# My new plec



## yorkshire (Jul 27, 2004)

Here's a couple of pics of my new plec which i picked up today








He's probably about two inch long and was labeled as an L262.
I'd have loved a zebra plec but they are silly money, so this little guy will have to do :nod:


----------



## yorkshire (Jul 27, 2004)

Got the pics there eventualy


----------



## Death in #'s (Apr 29, 2003)

very nice
what tank is he in


----------



## Fresh2salt (Jul 16, 2004)

Awesome pleco


----------



## Gordeez (Sep 21, 2003)

Damn Yorkie, that is an awesome looking Pleco.
Looks very good.
how much did he set you back?


----------



## King Oscar (Apr 5, 2005)

nice


----------



## king red belly (Apr 13, 2005)

arent those like almost $100. I saw ones like that at the pet store


----------



## channafreak (Mar 27, 2004)

Very nice. Im so scared of getting a nice pleco because I always manage to kill them no matter what. Cucumbers, wafers, lettuce................nothing works.


----------



## Joga Bonito (Oct 30, 2004)

nice plec


----------



## waspride (Jun 13, 2004)

That guy is cool as hell


----------



## thePACK (Jan 3, 2003)

very cool..how big do those get?


----------



## hiphopn (Feb 10, 2005)

hey yorky how do you manage to take pics like that? the subject is always crisp and clear but the background is blurry.  i dont know how to make my camera focus more on the subject,.......


----------



## NIKE (Jan 27, 2003)

nice pick up looks cool.


----------



## yorkshire (Jul 27, 2004)

Gordeez said:


> Damn Yorkie, that is an awesome looking Pleco.
> Looks very good.
> how much did he set you back?
> [snapback]990531[/snapback]​


Lets just say he wasnt anywhere as expensive as they normally are, i paid £15, when they are normally around £30+. The zebra plecs are about £80











hiphopn said:


> hey yorky how do you manage to take pics like that? the subject is always crisp and clear but the background is blurry. i dont know how to make my camera focus more on the subject,.......
> [snapback]990960[/snapback]​


Use a shallow depth of field, the smaller the fnumber, the shallower the depth of field. If you shoot in shutter priority, the faster the shutter the shallower the depth of focus also. Another way to reduce the depth of field is to use the camera zoom, the more you zoom in , the more it will reduce the depth of focus.

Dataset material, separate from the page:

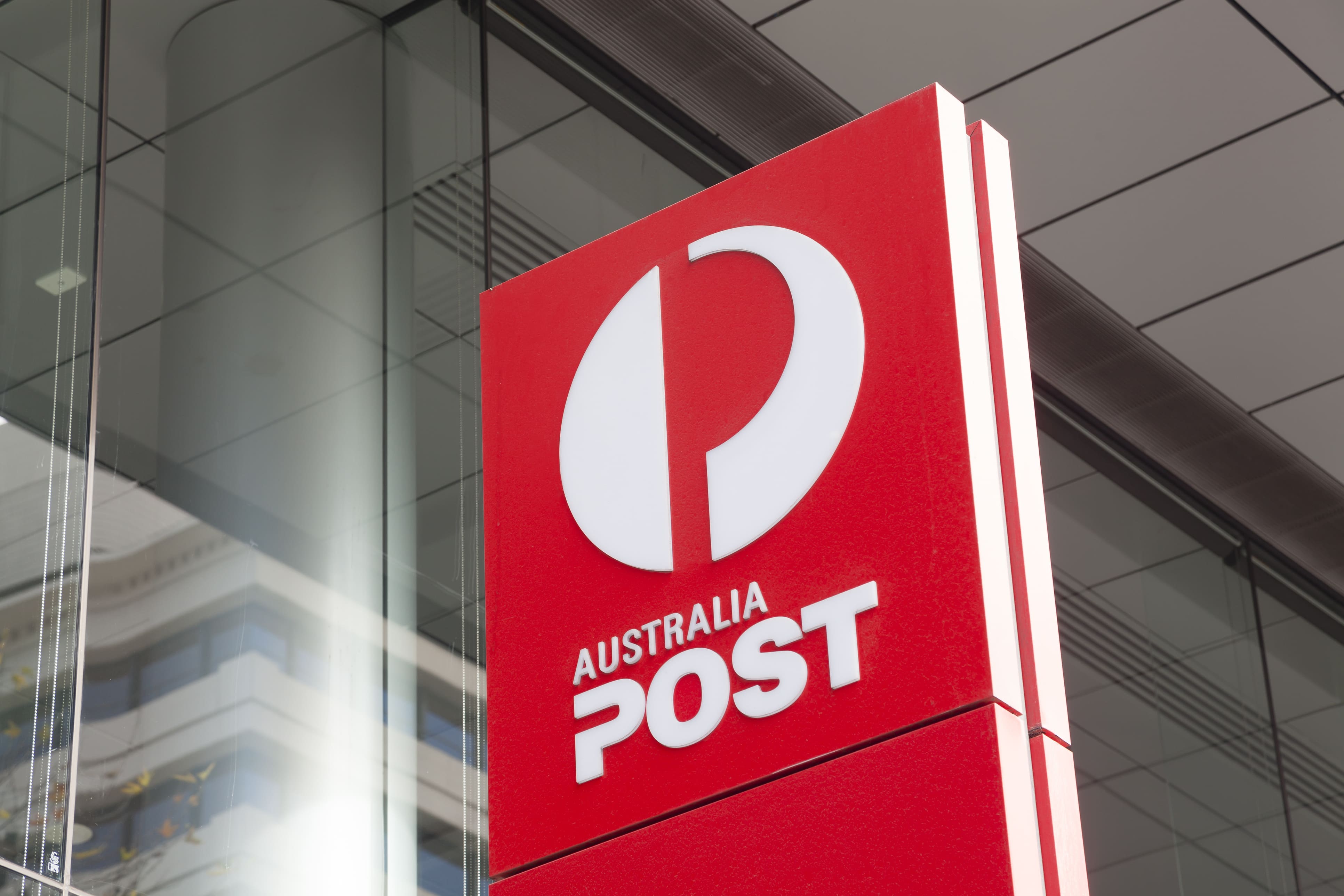 Imagen ilustrativa para la noticia "Australia Post acelera la carrera por el same day delivery con la adquisición de Rendr". Muestra el logo de Australia Post en la fachada de un edificio.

I just use trial and error until i find a setting i like :nod:


----------



## yorkshire (Jul 27, 2004)

Dr. Green said:


> very nice
> what tank is he in
> [snapback]990473[/snapback]​


He's in with my archers in a 10gallon until i move, then he gets the rhoms 180 bowfront, along with the archers











thePACK said:


> very cool..how big do those get?
> [snapback]990959[/snapback]​


I believe they only get around the 5 or 6inch mark, similar to a golden nugget plec i used to have and which got eaten by my oscars. Its one of the reasons i got him, cos he wont grow too big


----------



## Judazzz (Jan 13, 2003)

Very nice pleco, Yorkie








I dig the pattern on the guy!

Not to be a party pooper, but I think it's not an L262: my guess is a Para Pleco (L075)

An L262 looks like this:
View attachment 58493

Picture taken from planetcatfish.com


----------



## yorkshire (Jul 27, 2004)

Judazzz said:


> Very nice pleco, Yorkie
> 
> 
> 
> ...


I think you are right Judazzz, looks nothing like L262, but they did have some that look like your pic in the same tank. Are para plecs more common (i.e. cheaper) than L262's? how big do para plecs get?


----------



## Judazzz (Jan 13, 2003)

I've never seen a Para Pleco (aka. Peckoltia sabaji) in real life, but I know in Holland they are a bit above average as far as price goes: not obscenely expensive, but not cheap either (on average I'd say about 35-50 euro's a piece, depending on size).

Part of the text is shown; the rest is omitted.